Let $X$ be a metrizable space. I'd like to prove that if $X$ is pseudocompact, then $X$ is compact (the converse is true by the Heine-Borel theorem).
Suppose $X$ was not compact. Since $X$ is metrizable, we have that $X$ is not sequentially compact. Hence, there exists a sequence $\{x_n\}_{n\in\mathbb{N}}$ in $X$ such that $\{x_n\}_{n\in\mathbb{N}}$ doesn't have any convergent subsequences in $X$. Let $S$ be the support of the sequence $\{x_n\}_{n\in\mathbb{N}}$ and let $g: S\to\mathbb{R}$ the function defined by $g(x_n):=n$. Now I'd like to prove that $S$ is discrete. Why? Because if I will prove that $S$ is discrete, I had that $S$ contains vacuously its accumulation points, then $S$ is closed. Now the function $g:S\to\mathbb{R}$ is continuous (since $S$ is discrete). Hence, I can apply the Tietze Extension Theorem that tells me that $g$ can be extended to a continuous function $G:X\to\mathbb{R}$. But this function is not bounded since the restriction $G_{|S}=g$ is not bounded: this one is a contradiction with the hypothesis of pseudocompactness of $X$.
Can anyone help me please?
PS: "$X$ is pseudocompact" stands for "each continuous function $F:X\to\mathbb{R}$ is bounded".
Suppose that $S$ is not discrete.

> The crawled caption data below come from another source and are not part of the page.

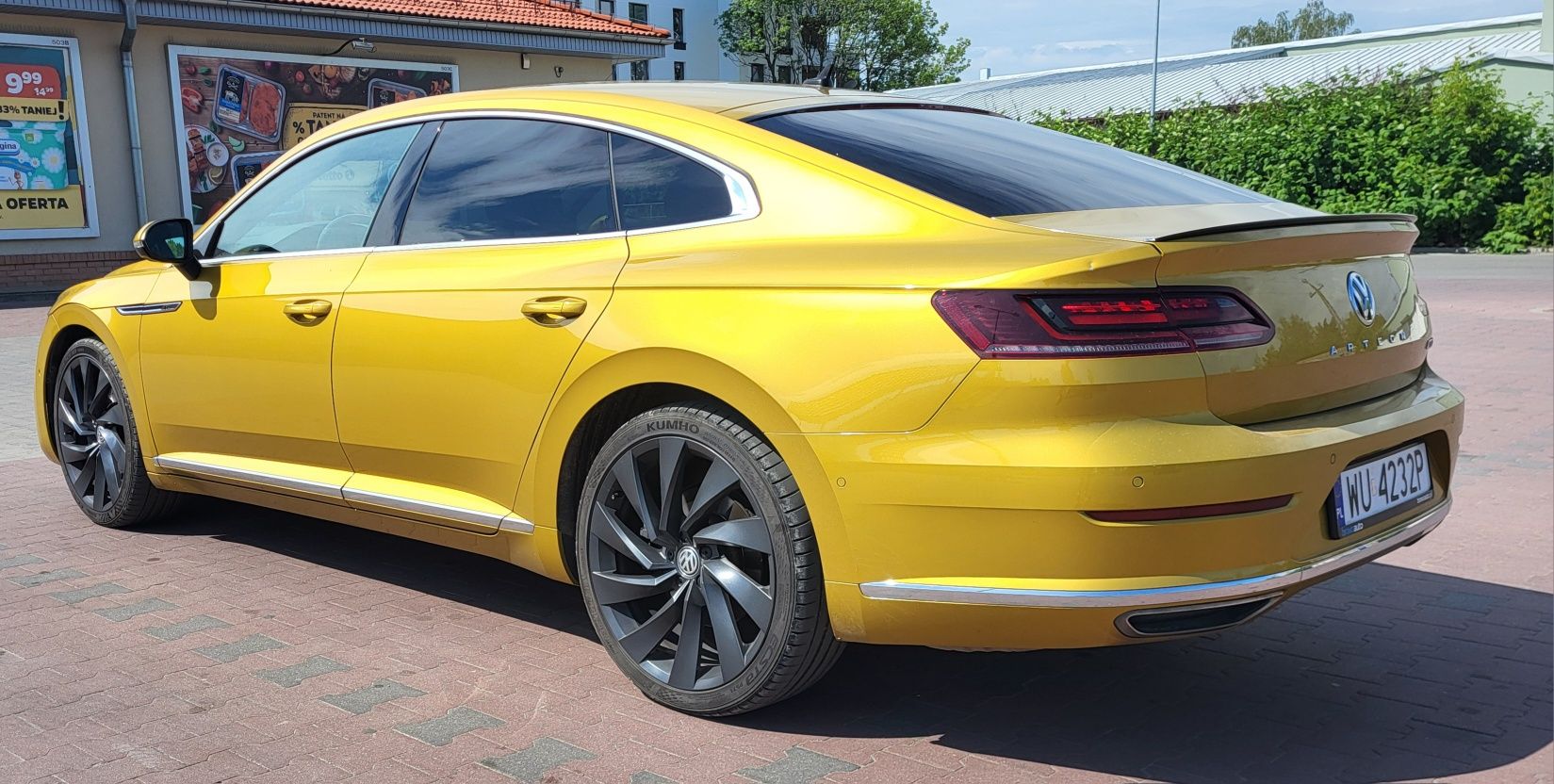 VW Arteon 2.0 R-Line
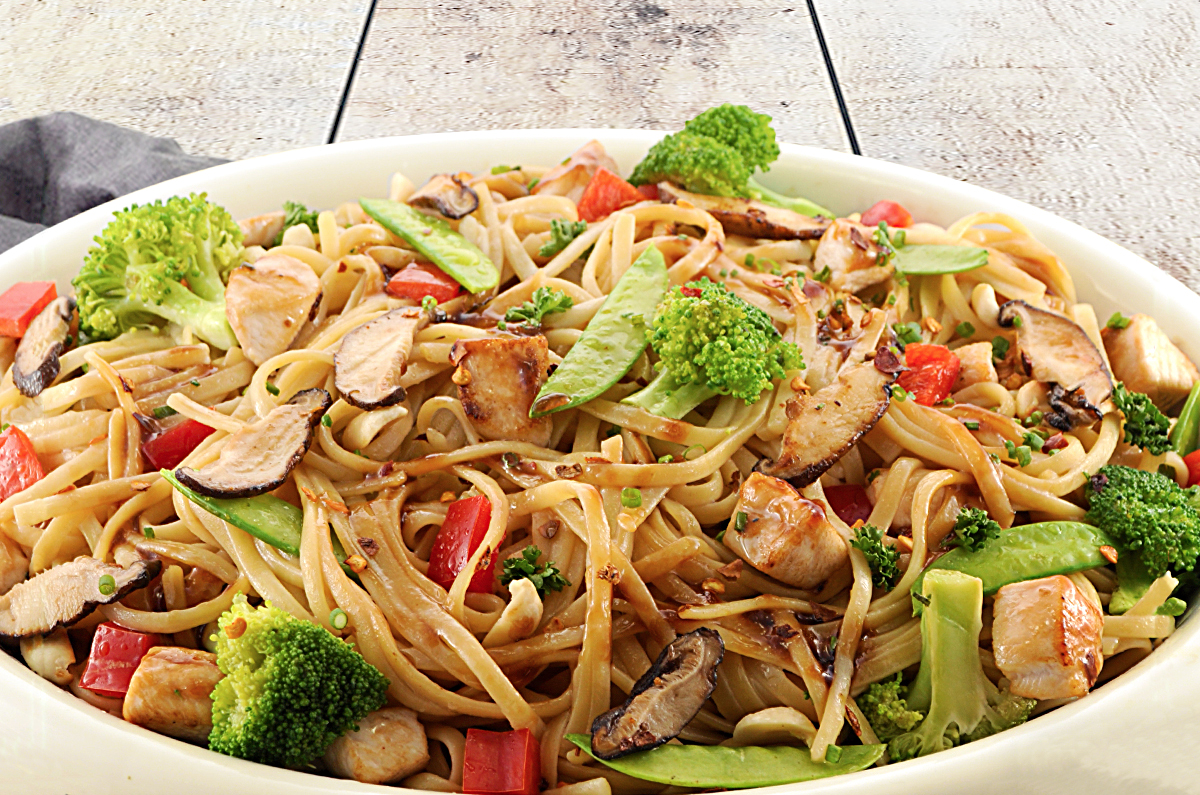 Oriental Chicken Pasta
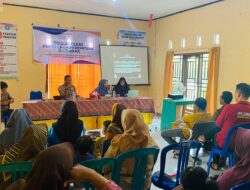 Polsek Brang Rea Bersama DP2KBP3A Melakukan Sosialisasi Antisipasi Kekerasan Terhadap Perempuan dan Anak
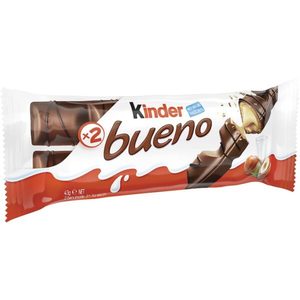 Products: Kinder Chocolate Bar Bueno 43g – Redbasket – Online Grocery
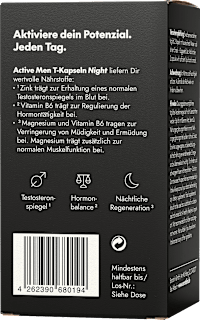 Active Men T-Kapseln Night  60 St serotalin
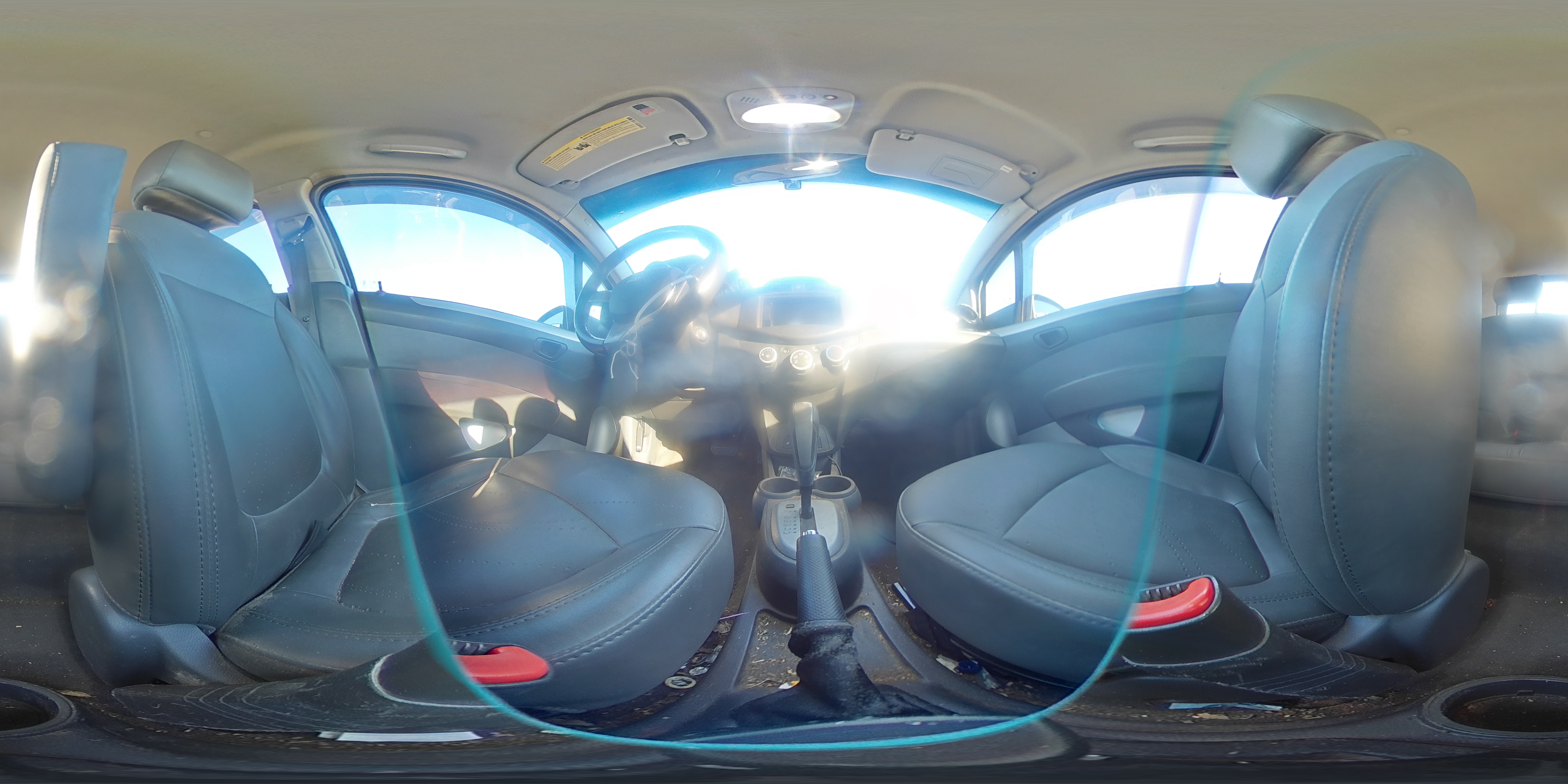 2013 Chevrolet Spark 2Lt VIN: KL8CF6S94DC523755 Lot: 92265805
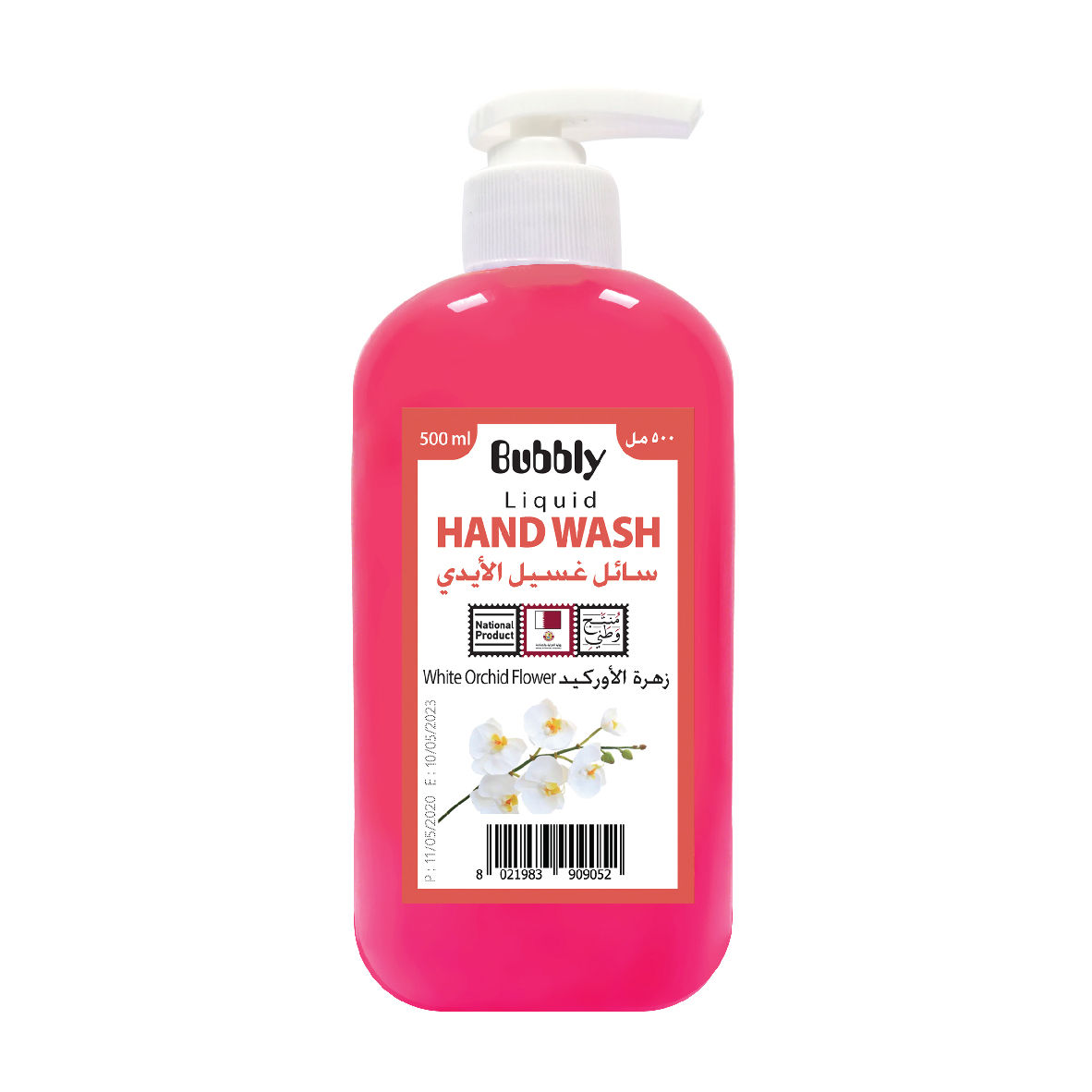 Bubbly Hand Wash White Orchid flower 500ml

Then there is some $p\in X$ such that $p$ is an accumulation point of $S$. In particular, there is some $n_1\in\Bbb N$ such that $d(x_{n_1},p)<1$. Since there are infinitely many $n$'s such that $d(x_n,p)<\frac12$, there is a natural number $n_2>n_1$ such that $d(x_{n_2},p)<\frac12$. Since there are infinitely many $n$'s such that $d(x_n,p)<\frac13$, there is a natural number $n_3>n_2$ such that $d(x_{n_3},p)<\frac13$. And so on. So, the sequence $(x_{n_k})_{k\in\Bbb N}$ is a subsequence of $(x_n)_{n\in\Bbb N}$ and $\lim_{k\to\infty}x_{n_k}=p$.